==== Given entries
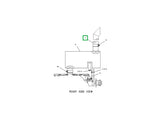 Caterpillar D5M Schlauch 7C6450 u.a. für D6M, 924F, 938F - Ansicht 2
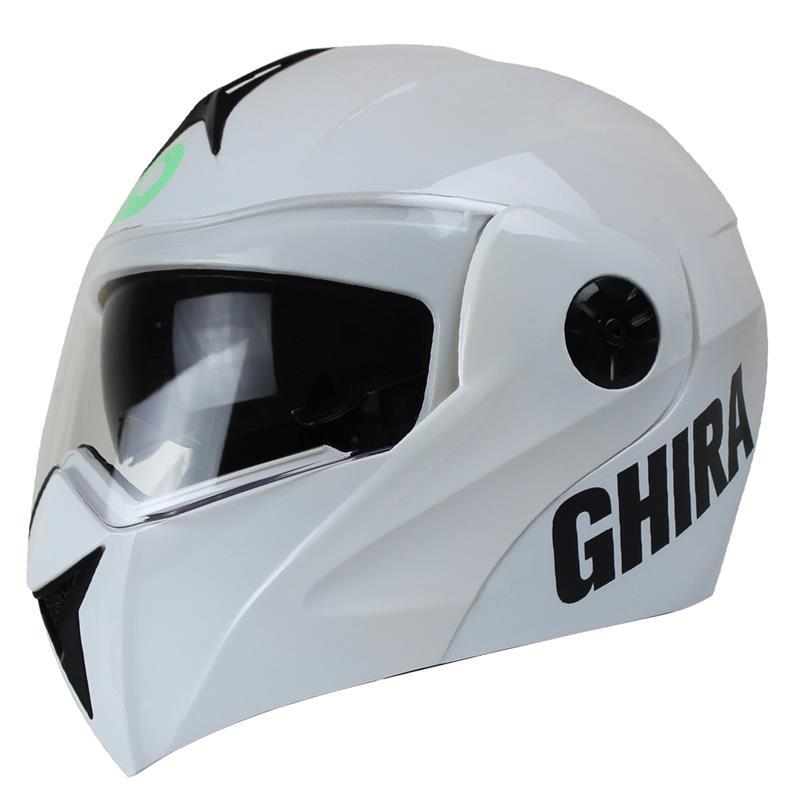 Foto 1 | Casco Ghira GH1000 Blanco Abatible SVS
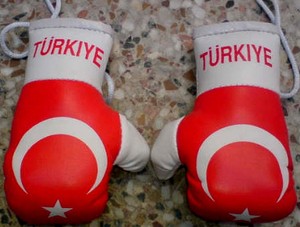 Turkiye Mini Boxing Gloves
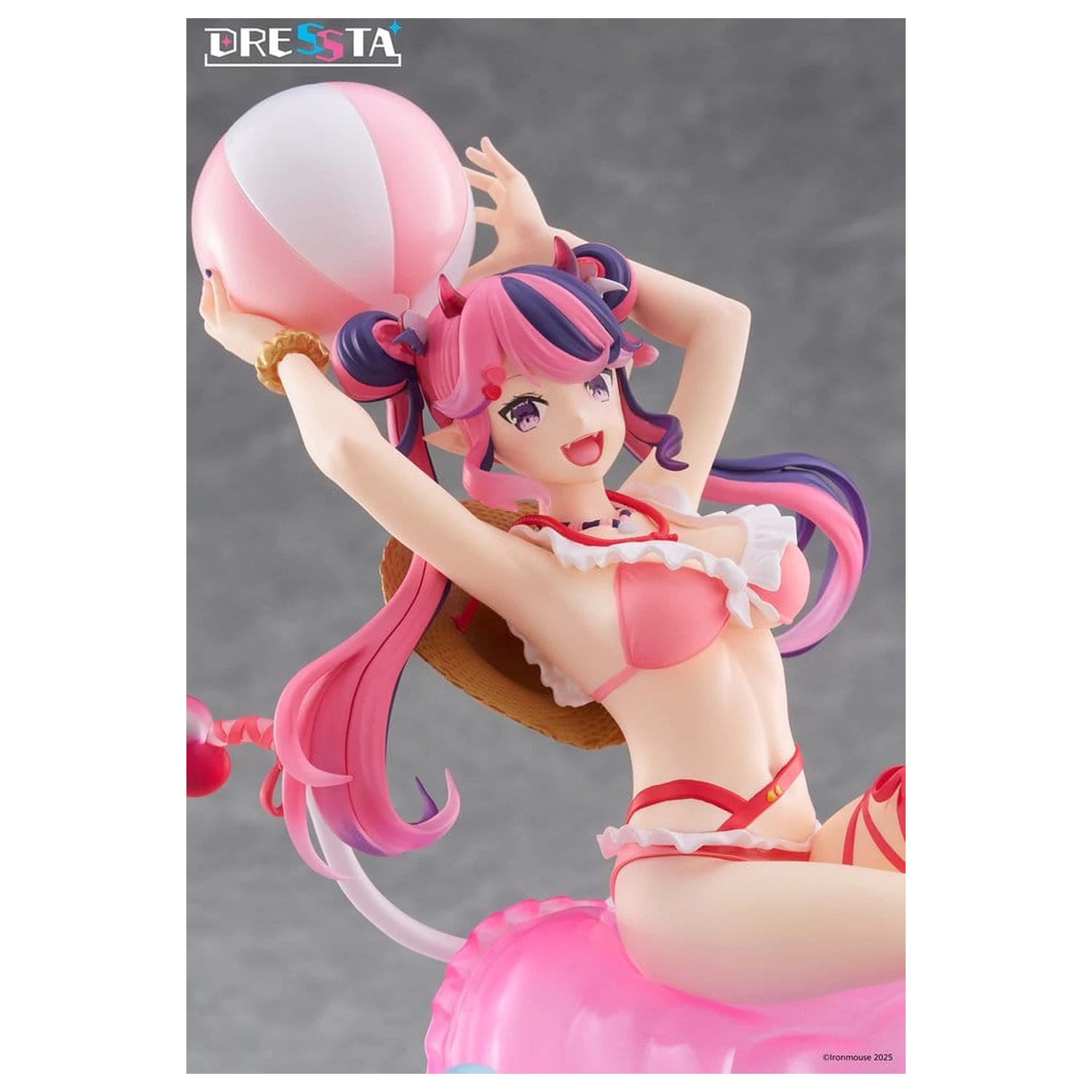 VTuber Dressta PVC Statue Ironmouse 20 cm Produktfoto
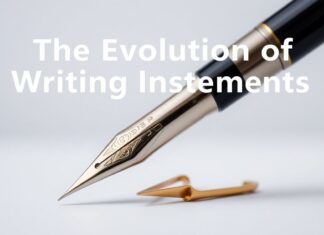 The Evolution of Writing Instruments: A Look into Modern Pen Technology The Evolution of Writing Instruments: An Insight into Modern Pen Technology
========
▶ [Task brief] Leave every picture out and set down exactly the lines running from the one with "Turkiye Mini Boxing Gloves" to the last line of the material above.

▶ [Answer]
 Turkiye Mini Boxing Gloves
 VTuber Dressta PVC Statue Ironmouse 20 cm Produktfoto
 The Evolution of Writing Instruments: A Look into Modern Pen Technology The Evolution of Writing Instruments: An Insight into Modern Pen Technology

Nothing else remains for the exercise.